= Try it =
In the data below, begin at the line with "Hello everyone, my" and stop after the line with "At the far left"; output those lines exactly and no pictures.

= Information =
+-------+

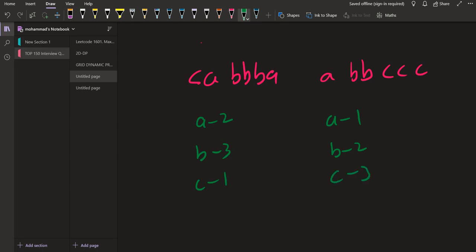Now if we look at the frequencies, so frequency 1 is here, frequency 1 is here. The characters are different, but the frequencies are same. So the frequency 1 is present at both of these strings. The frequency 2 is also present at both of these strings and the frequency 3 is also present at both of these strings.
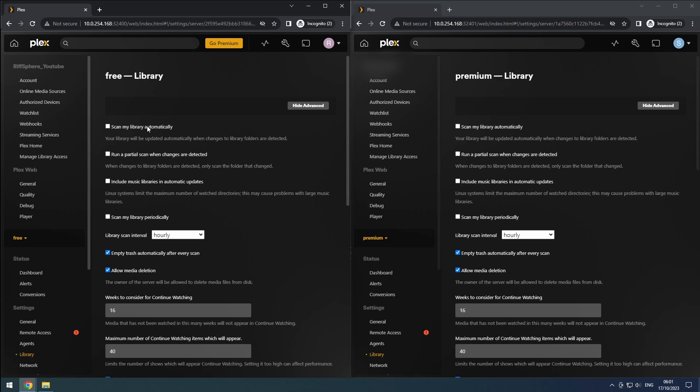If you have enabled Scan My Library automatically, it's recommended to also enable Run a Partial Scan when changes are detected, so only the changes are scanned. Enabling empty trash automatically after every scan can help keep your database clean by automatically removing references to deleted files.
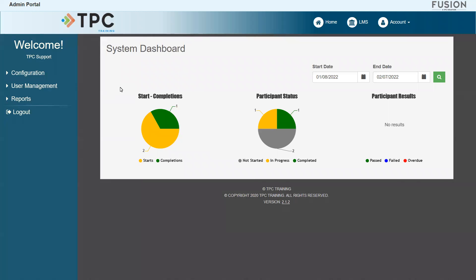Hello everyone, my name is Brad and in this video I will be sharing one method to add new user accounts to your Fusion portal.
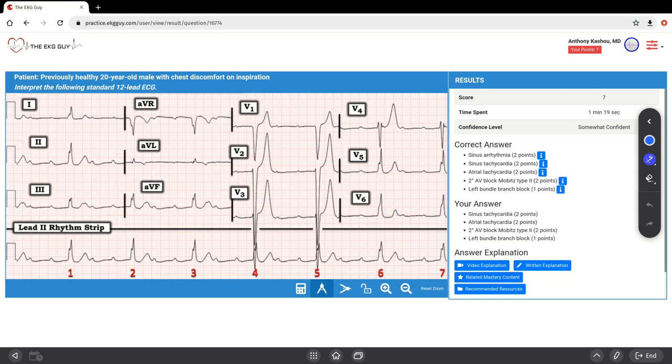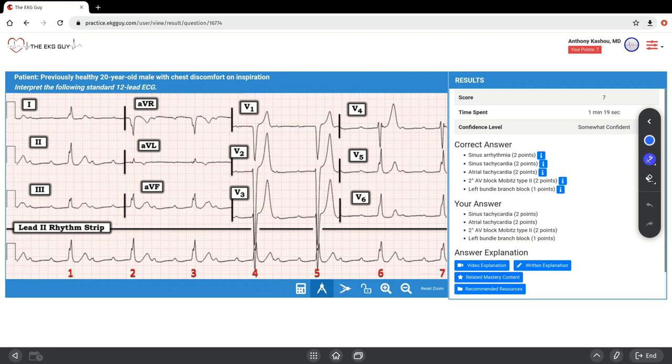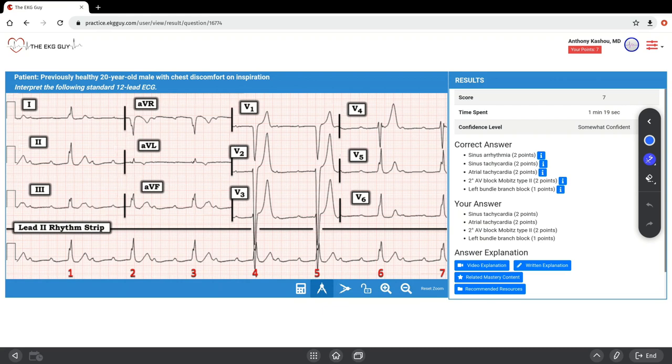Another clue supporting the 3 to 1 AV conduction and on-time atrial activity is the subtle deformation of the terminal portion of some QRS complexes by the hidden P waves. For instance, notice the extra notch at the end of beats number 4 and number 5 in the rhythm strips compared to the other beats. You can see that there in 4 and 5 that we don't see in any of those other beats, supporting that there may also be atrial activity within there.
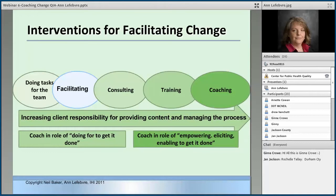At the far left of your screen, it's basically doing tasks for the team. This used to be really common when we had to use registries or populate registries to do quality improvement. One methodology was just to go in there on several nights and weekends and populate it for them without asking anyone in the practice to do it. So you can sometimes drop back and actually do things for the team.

+-------+

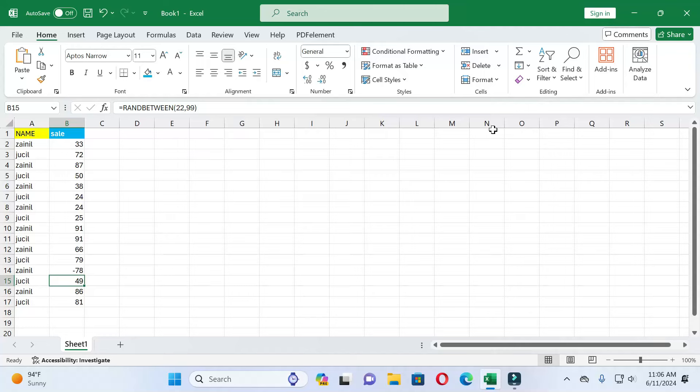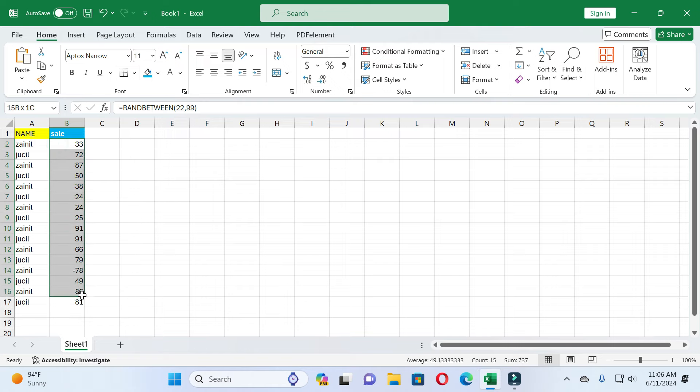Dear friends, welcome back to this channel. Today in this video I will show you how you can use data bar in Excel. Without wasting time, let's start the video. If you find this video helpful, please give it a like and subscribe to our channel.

+-------+

= Solution below =
Hello everyone, my name is Brad and in this video I will be sharing one method to add new user accounts to your Fusion portal.
Another clue supporting the 3 to 1 AV conduction and on-time atrial activity is the subtle deformation of the terminal portion of some QRS complexes by the hidden P waves. For instance, notice the extra notch at the end of beats number 4 and number 5 in the rhythm strips compared to the other beats. You can see that there in 4 and 5 that we don't see in any of those other beats, supporting that there may also be atrial activity within there.
At the far left of your screen, it's basically doing tasks for the team. This used to be really common when we had to use registries or populate registries to do quality improvement. One methodology was just to go in there on several nights and weekends and populate it for them without asking anyone in the practice to do it. So you can sometimes drop back and actually do things for the team.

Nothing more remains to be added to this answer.